Radfahrer auf Fahrradstreifen (Praterstraße)
APA/HERBERT PFARRHOFER

Weil weltweit betrachtet die meisten Städte keinerlei Infrastruktur für sicheres Radfahren haben, stützten sich die Forscher in ihren Simulationen auf das vorhandene Straßennetz. Für die Netzwerkknoten, die es zu verbinden gilt, verwendeten sie zwei Zugänge: einerseits ein einfacher, regelmäßiger Raster, der über die Stadt gelegt wird, andererseits reale U-Bahn-Stationen, Spitäler, Schulen und andere Punkte öffentlichen Interesses.

Länger ist nicht besser

Unabhängig von der jeweiligen Stadt zeigte sich in den Simulationen durchwegs, „dass es eine kritische Masse an Radwegen geben muss, bevor das Netzwerk funktional wird, also durchgängig und direkt“, so Szell gegenüber der APA. Bevor diese kritische Schwelle erreicht werde, verringern sich die Qualitätskennzahlen des Netzwerkes. Deshalb höre man bei der derzeit verfolgten Strategie mit stückweisem Ausbau oft den Einwand: „Wir haben schon so viele Radwege gebaut, aber niemand nutzt die. Warum sollen wir dann noch mehr bauen?“, schreiben die Forscher.

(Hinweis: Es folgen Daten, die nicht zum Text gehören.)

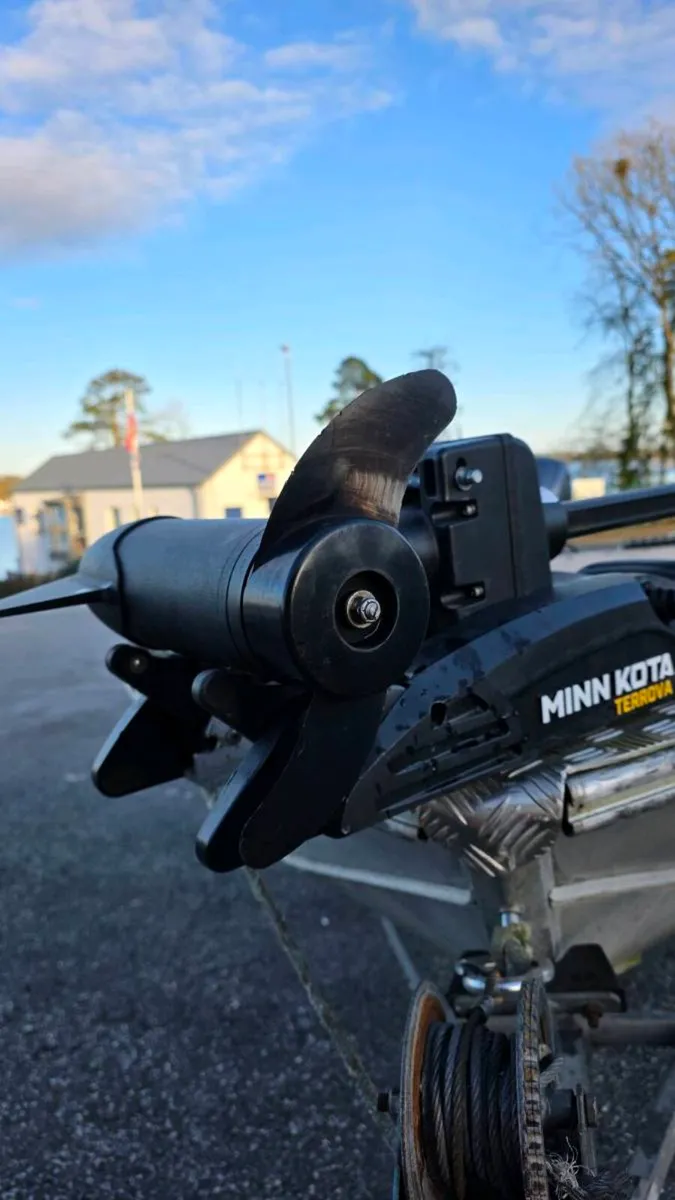 Minn kota terova 2024 model - Image 1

Die Empfehlung der Netzwerkforscher an Städte lautet daher: „Versuchen Sie, strategisch für die ganze Stadt zu planen und nicht stückweise bzw. lokal für einzelne Bezirke. Dann wird das Netzwerk früher zusammenhängend und funktional.“ Zudem sage die Länge der Radwege einer Stadt nicht viel über die Qualität der Radinfrastruktur aus. „Wichtig ist vielmehr, wie direkt die Wege sind, wenn ich ausschließlich auf Radwegen von einem zufälligen Punkt der Stadt zu einem anderen fahren möchte.“

Auswirkungen auf den Autoverkehr

Der Ausbau der Fahrradinfrastruktur hat natürlich Auswirkungen auf den Autoverkehr: „Wir haben für unsere Simulationen die sehr starke Annahme getroffen, dass auf allen Straßen, auf denen wir Radwege bauen, die Geschwindigkeit der Autos auf Schrittgeschwindigkeit sinkt“, sagte Szell. Denn ähnlich wie auf vielen Radwegen in den Niederlanden sollen auf diesen Radstraßen zwar auch Autos fahren dürfen, aber eben nur in Schrittgeschwindigkeit, und Fahrräder Priorität haben.

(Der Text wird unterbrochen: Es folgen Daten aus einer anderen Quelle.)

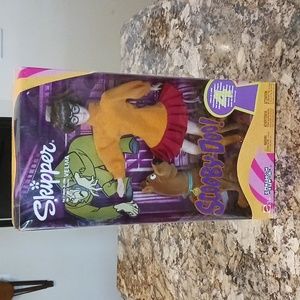 Scooby-Doo Skipper as VELMA NIB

Das Forschungsteam betont, dass es sich bei ihren Ergebnissen für die einzelnen Städte um „statistische Lösungen“ handle, die sich nicht eins zu eins umsetzen lassen. So habe man lokale Besonderheiten bzw. untergeordnete Effekte wie die Geländeform nicht berücksichtigt. Man könne die Simulationen aber als ersten Entwurf heranziehen und mit lokalen Planern verfeinern. Dass die statistischen Lösungen nicht völlig realitätsfremd sind, zeigt die Simulation für Kopenhagen. „Es war eine große Überraschung für uns, dass sich unser statistischer Zugang weitgehend mit der Realität in Kopenhagen deckt, es gibt eine Überlappung von 80 Prozent“, so Szell.